You hear that Talking Therapy is commonly prescribed to help support someone with poor mental health/a diagnosis of a mental health disorder but what actually is it? Can talking really help? Read on to find out more.

Talking therapy is a form of treatment that involves talking to a trained professional about your thoughts and feelings. This also includes discussing any behaviours and meanings you associate with certain events.

You may hear many people talk about counselling, psychotherapy, therapy, psychological therapy etc. So, is there any difference? Essentially no, there isn’t much difference at all! They all broadly refer to ‘talking’ about how you are feeling, just in various ways and different environments.

Talking therapies have been known to help individuals with their:

  • Mental health concerns
  • Mental health diagnosis
  • Finances
  • Relationships with friends and family
  • Breakdown of marriages
  • Traumatic events and experiences
  • Grief/bereavement
  • Dealing with overwhelming and difficult emotions

One form of talking therapy is Cognitive Behavioural Therapy (CBT). CBT works on the basis of identifying an activating life event (otherwise known as a ‘trigger’) and working to reframe the opinions and emotions associated with those ‘triggers’ to future proof our happiness. The ABC model specifically focuses on working with individuals to pair up their beliefs with these triggering events, which may have previously resulted in negative physical and emotional consequences.

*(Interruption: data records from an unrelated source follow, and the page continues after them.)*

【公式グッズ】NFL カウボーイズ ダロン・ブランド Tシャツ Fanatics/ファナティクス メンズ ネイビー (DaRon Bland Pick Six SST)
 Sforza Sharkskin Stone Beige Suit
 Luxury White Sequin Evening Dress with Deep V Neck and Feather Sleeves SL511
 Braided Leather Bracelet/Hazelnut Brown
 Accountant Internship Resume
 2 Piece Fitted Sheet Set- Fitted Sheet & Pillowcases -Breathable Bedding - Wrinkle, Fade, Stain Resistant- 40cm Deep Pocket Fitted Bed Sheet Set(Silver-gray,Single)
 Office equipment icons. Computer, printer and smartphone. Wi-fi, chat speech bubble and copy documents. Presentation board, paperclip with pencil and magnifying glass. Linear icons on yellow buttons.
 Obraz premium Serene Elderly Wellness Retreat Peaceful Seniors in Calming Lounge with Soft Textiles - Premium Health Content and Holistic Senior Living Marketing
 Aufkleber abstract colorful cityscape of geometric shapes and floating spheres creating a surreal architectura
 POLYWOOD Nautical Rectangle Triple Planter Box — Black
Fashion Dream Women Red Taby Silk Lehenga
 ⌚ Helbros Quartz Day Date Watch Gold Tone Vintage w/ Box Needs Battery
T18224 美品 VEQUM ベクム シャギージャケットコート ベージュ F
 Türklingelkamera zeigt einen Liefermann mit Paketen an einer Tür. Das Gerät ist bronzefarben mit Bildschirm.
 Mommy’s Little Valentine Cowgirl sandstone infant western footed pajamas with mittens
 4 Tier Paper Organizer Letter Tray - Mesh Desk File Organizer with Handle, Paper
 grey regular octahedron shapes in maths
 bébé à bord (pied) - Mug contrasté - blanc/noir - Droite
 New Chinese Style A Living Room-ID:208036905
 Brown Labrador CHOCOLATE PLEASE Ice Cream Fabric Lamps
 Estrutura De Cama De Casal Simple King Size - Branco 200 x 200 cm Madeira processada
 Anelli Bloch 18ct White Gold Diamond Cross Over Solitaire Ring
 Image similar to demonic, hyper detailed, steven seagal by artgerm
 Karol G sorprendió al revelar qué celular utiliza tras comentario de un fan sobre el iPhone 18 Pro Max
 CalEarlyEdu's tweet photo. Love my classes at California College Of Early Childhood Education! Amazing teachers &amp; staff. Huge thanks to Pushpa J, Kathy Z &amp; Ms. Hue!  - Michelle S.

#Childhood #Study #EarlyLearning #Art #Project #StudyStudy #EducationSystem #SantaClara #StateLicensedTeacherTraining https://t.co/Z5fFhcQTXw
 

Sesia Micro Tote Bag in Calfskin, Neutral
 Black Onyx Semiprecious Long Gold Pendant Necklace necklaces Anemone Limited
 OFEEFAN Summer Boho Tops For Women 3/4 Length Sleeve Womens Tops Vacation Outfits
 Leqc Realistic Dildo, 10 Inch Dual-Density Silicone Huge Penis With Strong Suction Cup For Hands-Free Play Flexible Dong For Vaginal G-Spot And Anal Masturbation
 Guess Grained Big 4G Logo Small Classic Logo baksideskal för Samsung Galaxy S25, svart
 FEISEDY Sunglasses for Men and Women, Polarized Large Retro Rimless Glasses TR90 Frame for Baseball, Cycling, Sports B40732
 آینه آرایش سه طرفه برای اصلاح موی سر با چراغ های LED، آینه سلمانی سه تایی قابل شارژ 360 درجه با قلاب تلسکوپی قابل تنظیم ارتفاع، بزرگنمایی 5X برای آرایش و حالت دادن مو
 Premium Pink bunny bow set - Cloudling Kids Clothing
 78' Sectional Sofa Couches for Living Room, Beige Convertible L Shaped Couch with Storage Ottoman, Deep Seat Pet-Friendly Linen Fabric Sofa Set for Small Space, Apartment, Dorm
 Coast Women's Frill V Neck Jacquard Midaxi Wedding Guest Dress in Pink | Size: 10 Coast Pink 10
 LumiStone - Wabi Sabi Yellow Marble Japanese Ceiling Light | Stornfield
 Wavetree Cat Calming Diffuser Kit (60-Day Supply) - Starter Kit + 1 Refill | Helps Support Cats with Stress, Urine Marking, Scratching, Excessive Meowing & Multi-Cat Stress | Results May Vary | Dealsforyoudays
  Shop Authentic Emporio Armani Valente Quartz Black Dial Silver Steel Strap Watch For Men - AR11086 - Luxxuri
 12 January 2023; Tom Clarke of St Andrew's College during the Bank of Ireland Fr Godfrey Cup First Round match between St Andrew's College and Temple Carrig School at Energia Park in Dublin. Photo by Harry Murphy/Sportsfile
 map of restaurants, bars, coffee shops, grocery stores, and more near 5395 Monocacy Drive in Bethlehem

By talking and allowing individuals to identify the exact thoughts that have accompanied an event, over time people can build awareness, notice any trends or patterns, make links to negative behaviours and recognise any cognitive distortions. Cognitive distortions are unhelping thinking patterns and are very common. Examples of cognitive distortions include:

  • Negative mental filters
  • Catastrophising
  • All-or-nothing thinking
  • Jumping to conclusions
  • Disregarding the positives in life
  • Having very low self-worth
  • Emotional reasoning
  • Living by ‘should’ statements

A therapist will help you identify what cognitive distortions you feel, why you feel them and at what points do you feel them. A key strategy is to challenge these behaviours with reasonable, balanced, positive and empowering thoughts. By continuously confronting these distortions the negative thoughts will become less automatic and intense, allowing the individual to build a happier life.

Sounds great! But it isn’t for everyone, all treatment pathways are different and are person-focused not symptom based for many, but evidence-based research and techniques suggest talking therapies are a fantastic start in aiding a recovery pathway.